Fece il giro intorno al palazzo due volte, finché non riuscì a trovare la stanza del principe. Vi entrò e lo vide seduto alla scrivania, intento a scrivere del suo lungo viaggio.
In un sacchettino su un angolo del tavolo c’erano l’anello, la collana e la piuma bianca che lei gli aveva donato la prima volta che si erano visti.
La colomba si posò sulla spalla del principe, e gli sussurrò nell’orecchio: «Indossa quell’anello, mio principe, vedrai che ti andrà bene».
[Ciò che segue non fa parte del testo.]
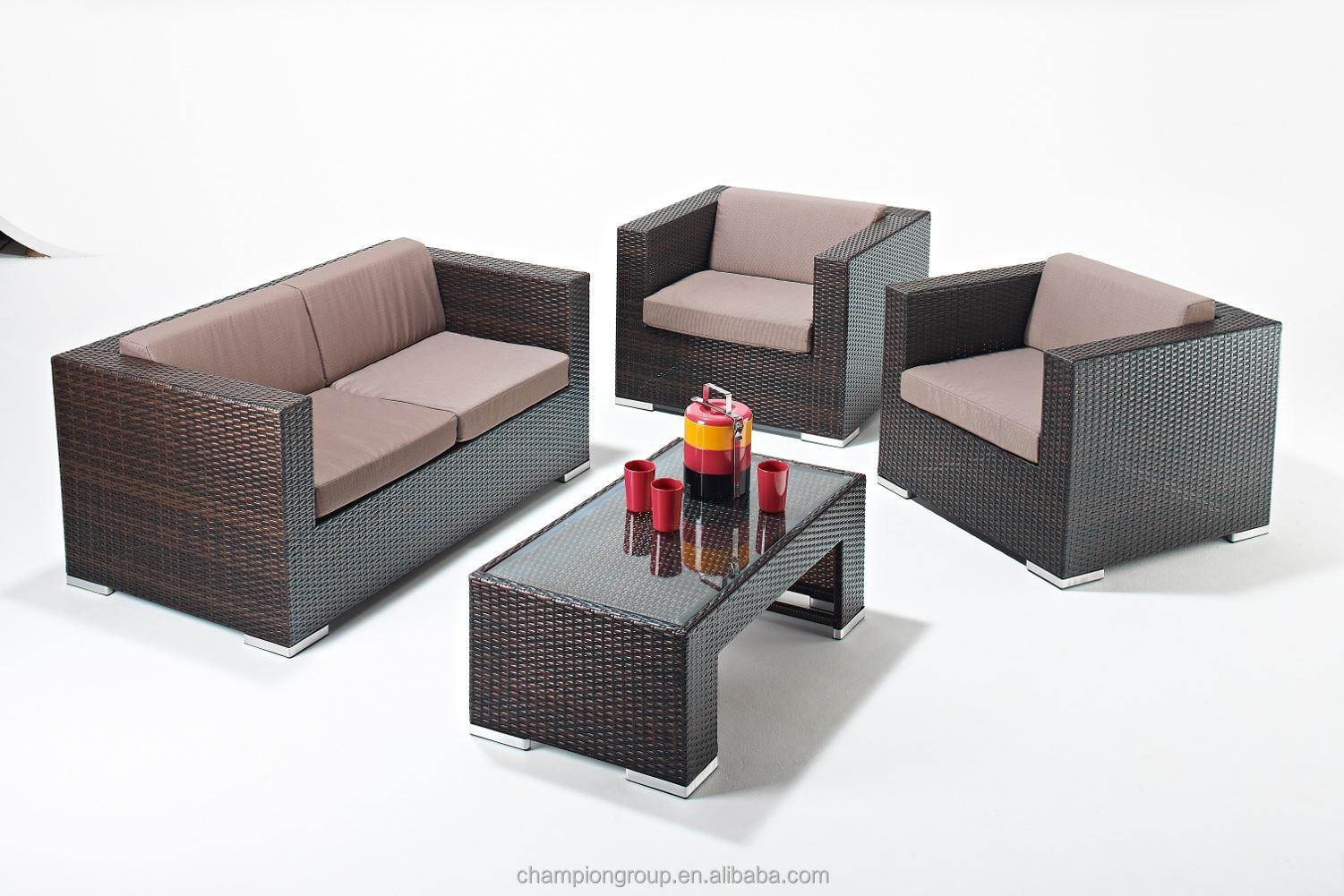 outdoor garden rattan sofa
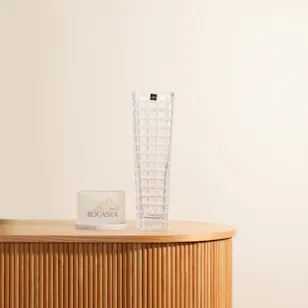 Rogaska Atrium Square Crystal Vase Rogaska Atrium Square Crystal Vase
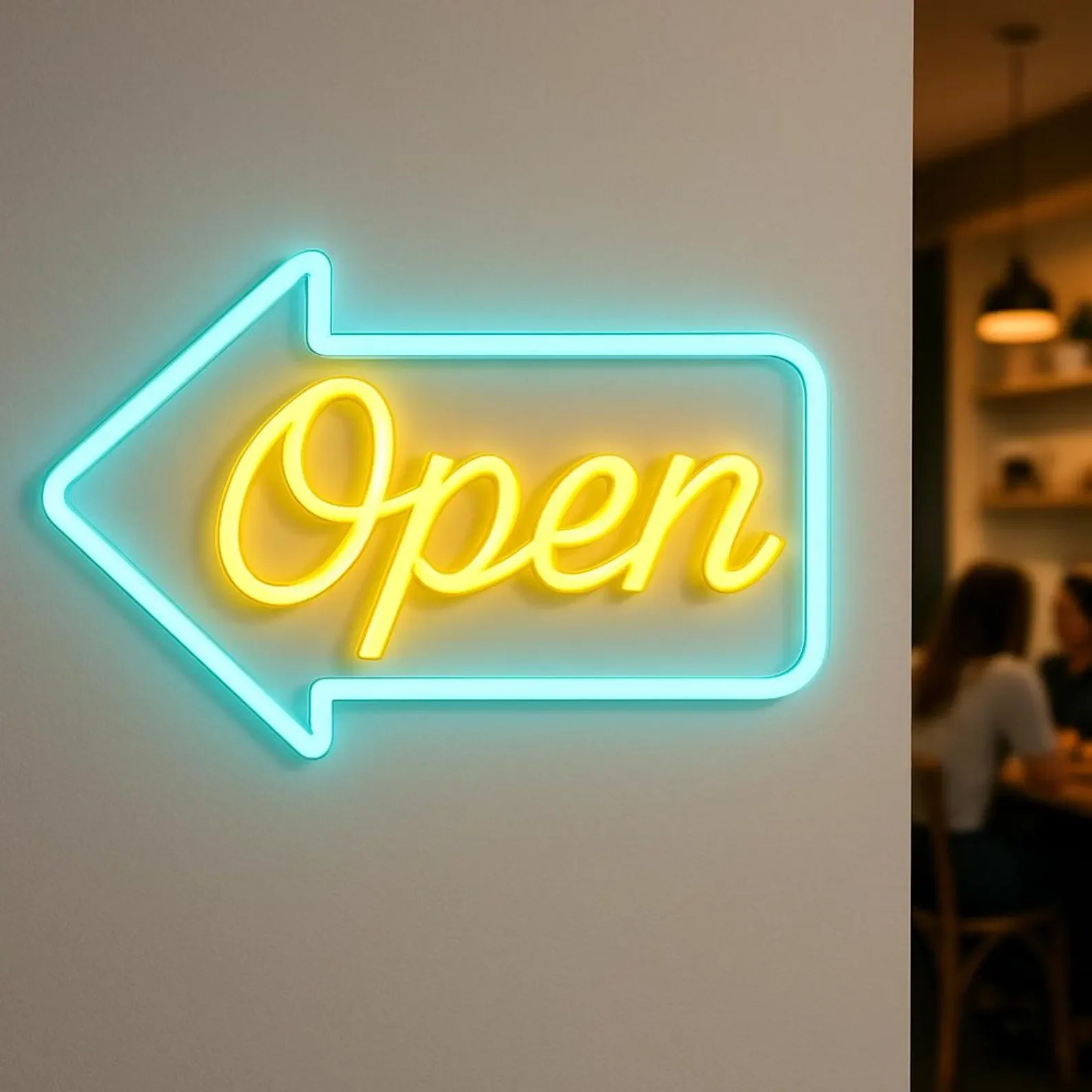 Open And Arrow Neon Sign,Open Neon Sign,Coffee Shop Led Sign,Business Logo Open Led Light Shop Sign Bar Store Open Neon Sign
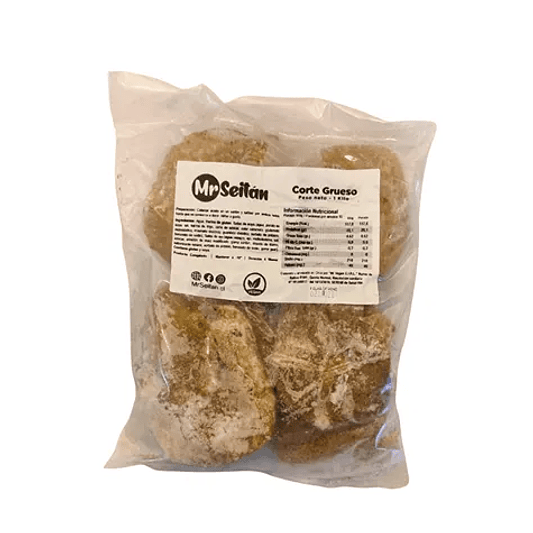 Seitán Corte Grueso (Bistec) 1k - Mr. Seitán 1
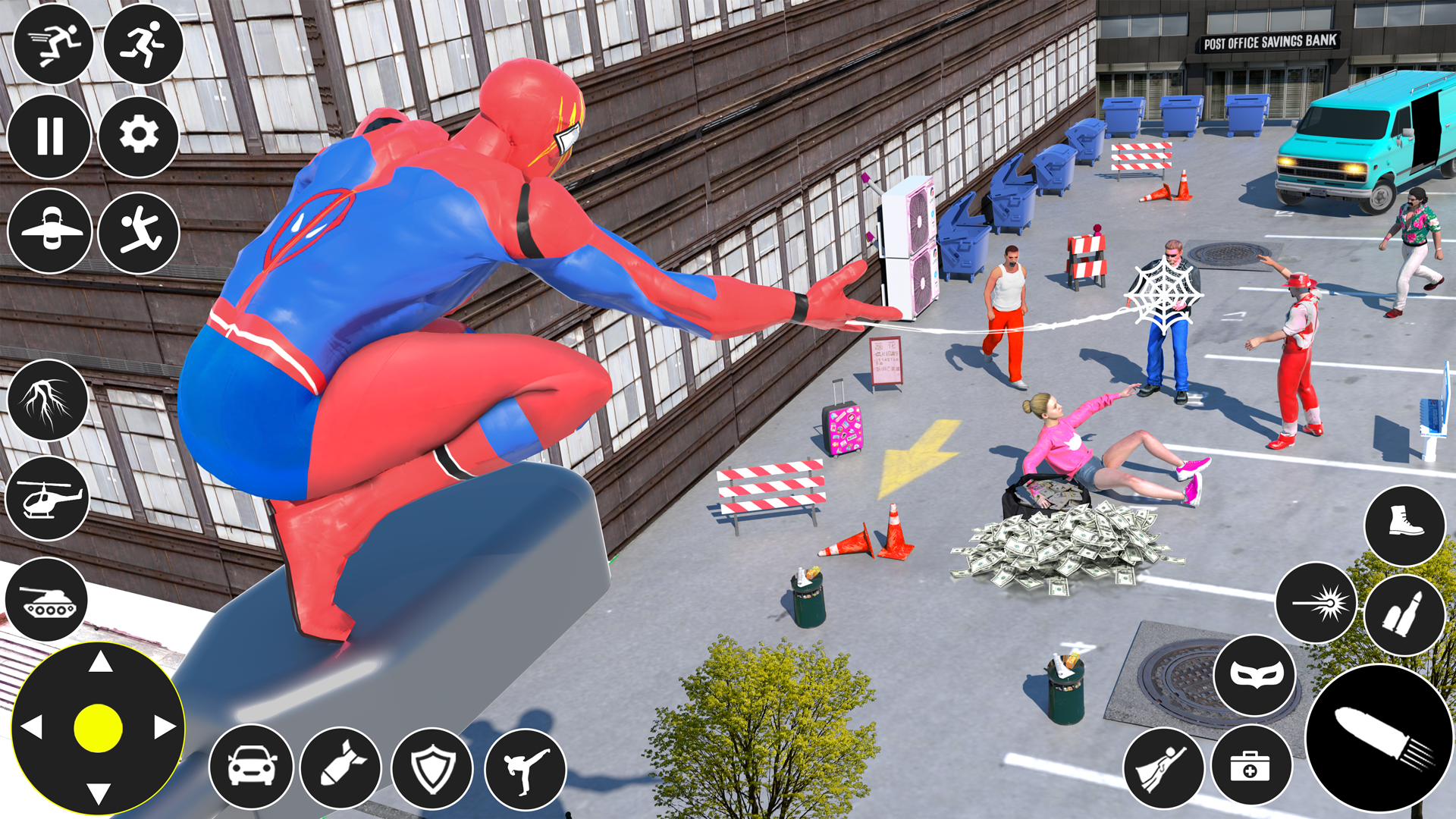 Screenshot of Superhero Games: City Battle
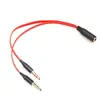 Cable adaptador dos en uno de micrófono de auriculares de computadora a auriculares de teléfono móvil, adaptador de audio de doble orificio a un solo orificio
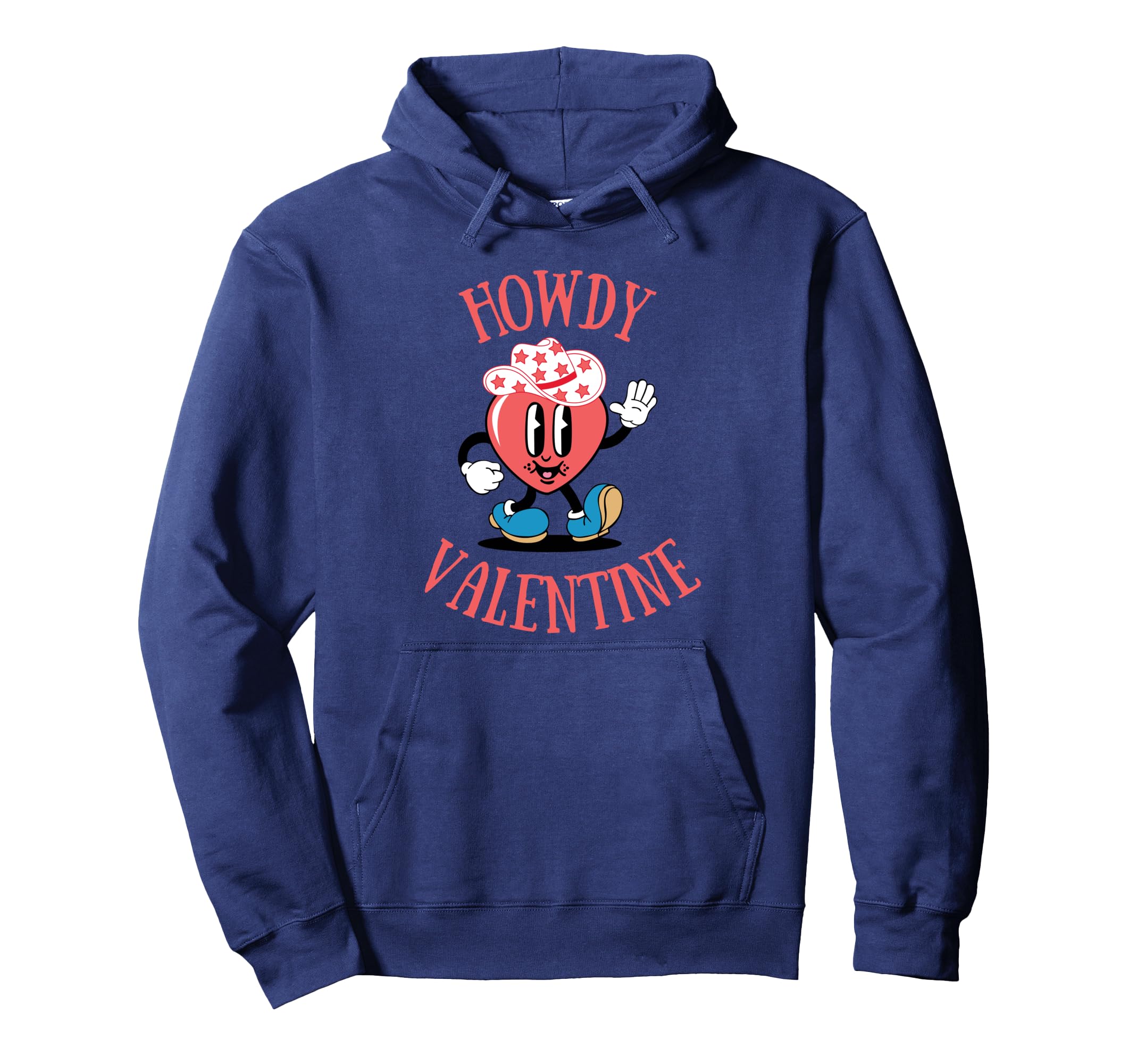 Valentines Day Howdy Valentine Cowgirl Hoodie - Minimalist Print Men Women - T-Shirt, Sweatshirt, Hoodie
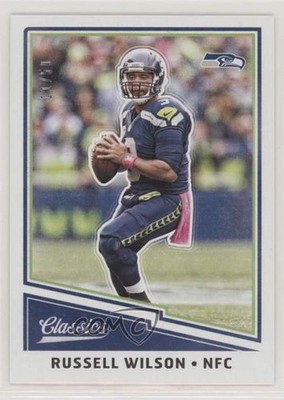2017 Panini Classics Blank Back 11/50 Russell Wilson #31 9o3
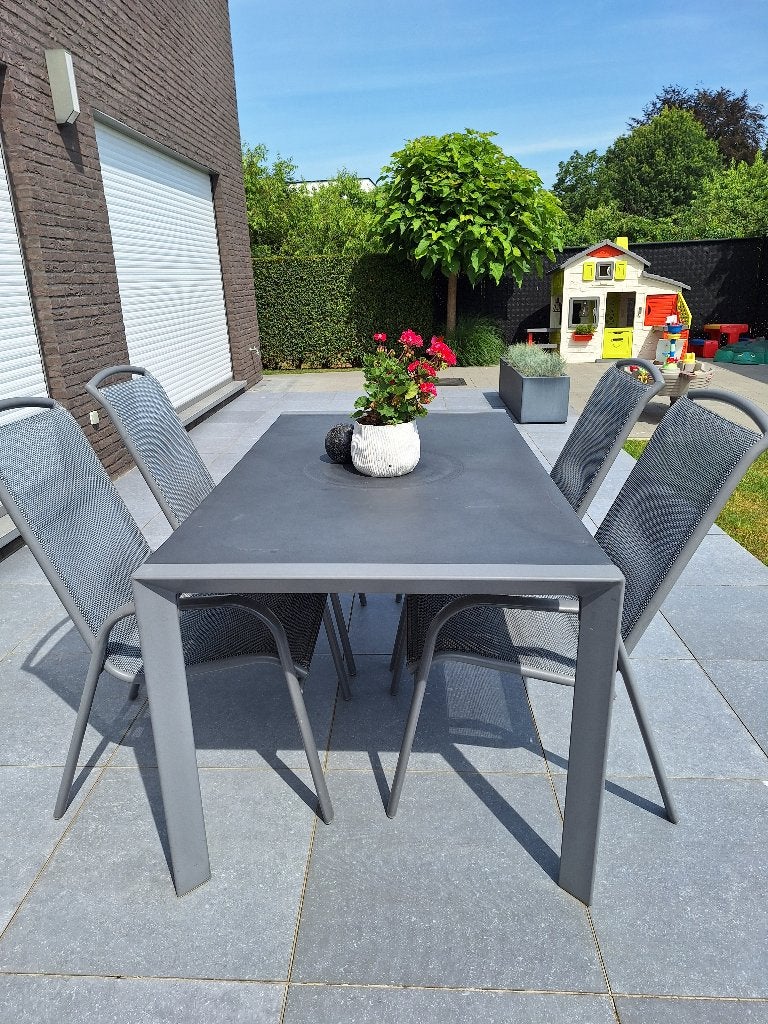 Set de jardin Gardini, Jardin & Terrasse, Chaise, Salons de jardin, Aluminium, Utilisé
Il principe, non comprendendo più il linguaggio delle colombe per via dell’incantesimo voluto dal re
malvagio, si voltò verso la colomba e la guardò storto. Allora, la colomba prese il sacchettino con il becco e lo portò sul foglio dove il principe stava scrivendo. Lui, incuriosito, l’aprì, e indossò l’anello e la collana, poi prese in mano la piuma, e in un istante gli tornò la memoria.
«Bella colombella! Mia bella principessa, sei tu!» disse entusiasta. La colomba si ritrasformò nella principessa, e abbracciò il suo amato.
I due innamorati si sposarono e, una volta celebrato il matrimonio, mandarono a chiamare le sorelle e la madre della principessa, perché vivessero con loro nel castello sull’Oceano Atlantico.
Il re malvagio morì solo e triste, mentre la principessa, il principe e le loro famiglie vissero per sempre felici e contenti.